Thursday, December 17, 2009

The Perfume Museum’s Hall of Olfactory Technology

In What the Nose Knows I described how our olfactory past is constantly evaporating, taking with it molecule by molecule our cultural heritage. The case is particularly acute for perfumes:

Brands don’t live forever. Commercial death occurs when the last bottle comes off the production line, and psychosensory rigor mortis sets in with the last spray from the last bottle. An extinct fragrance can trigger no memories for anyone. To preserve memory we must preserve the juice itself. How will we know what we’re missing when it’s not there to smell?
This inspired me to discuss Andy Warhol’s idea of a Perfume Museum, a concept with some merit but that poorly executed could prove to be a testosterone-draining experience for most men. To compensate I suggested the museum include a hormone-stabilizing Hall of Olfactory Technology, featuring the first atomizer—invented in 1859 for purposes other than perfume application—and how it inspired Wilhelm Maybach’s design of the carburetor and led to Robert Millikan’s Nobel Prize for Physics in 1923.

Now, thanks to Perfumaniac, the nom de web of a New Orleans-based blogger who writes at Yesterday’s Perfume, I’ve got another potential exhibit for the Hall of O.T.

Perfumaniac’s specialty is reviewing vintage scents from the deep past.

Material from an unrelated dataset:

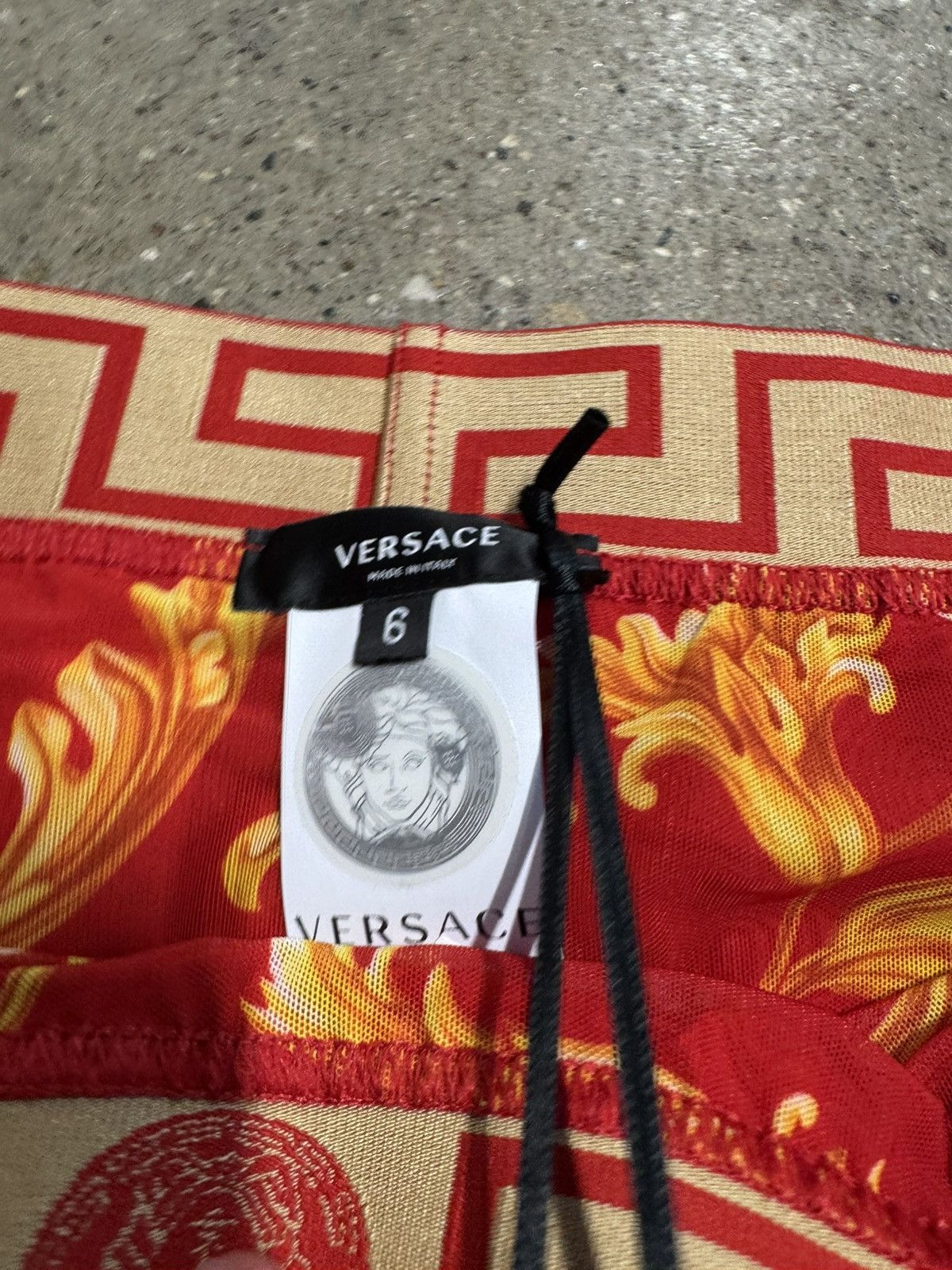 Versace Versace Greca Swim Shorts NEW 450$ Size US 36 / EU 52 - 3 Thumbnail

Today she posted about an old-fashioned perfume vending machine that’s for sale on eBay. It’s a table-top model that offered four name-brand scents in “bottlettes”—crack-open reed tubes filled with a couple of drops of juice. You insert a quarter, rotate the dispenser to your scent of choice, and pull a lever to release the sample. Think of it as a scaled-up version of those toothpick dispensers you find in diners. (The device is truly meant for the table top: it has napkin holders on either side . . .)

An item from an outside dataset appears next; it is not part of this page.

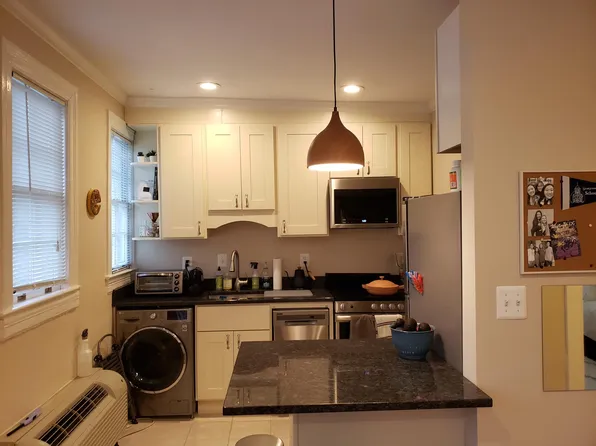 3520 W Pl NW, Washington, DC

Intrigued by Perfumaniac’s discovery I did a little research of my own and found this to be one in a long line of coin-operated perfume dispensers. Most of them actually spray the customer with scent. The most famous was probably the Perfumatic device: put in a dime, place your neck by the nozzle, and “press plunger firmly all the way in” (which coincidently happens to be our motto here at First Nerve.)

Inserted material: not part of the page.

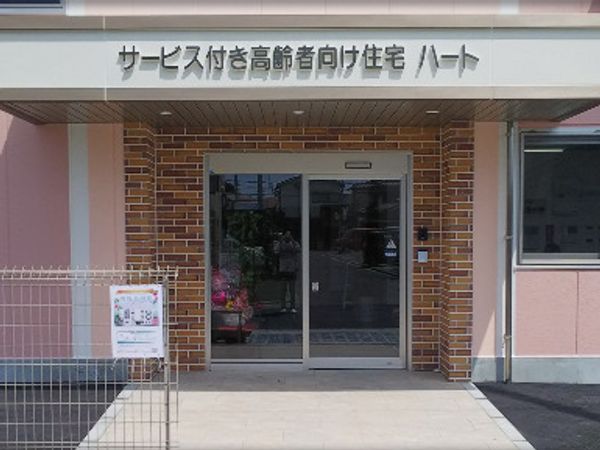明るいエントランス外観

The Perfumatic was typically mounted on a restroom wall; it came in two- and four-column models. The company, based in Canada, had over four hundred units installed in the United States by 1952. The local distributor was Jo-Lo Perfumatic, based in Jersey City, New Jersey.

Further back we find the One Cent Bull Perfume Dispenser by the Continental Novelty Co. of Buffalo, New York. You insert your penny, pull down on the bull’s horns, and get a squirt of scent from his mouth. 

This device—“Whiffs of Fragrance”—allows you to “Perfume Your Handkerchief” after selecting one of the four bottles, inserting a coin, and pulling down on the lever.

The technology has come a long way in some respects (remember the Robo-Spritzer?) but the basic idea remains the same.


Olfacta said...

Dr G have you ever been to the Museum of Jurassic Technology, in Los Angeles? Very odd and worth a trip.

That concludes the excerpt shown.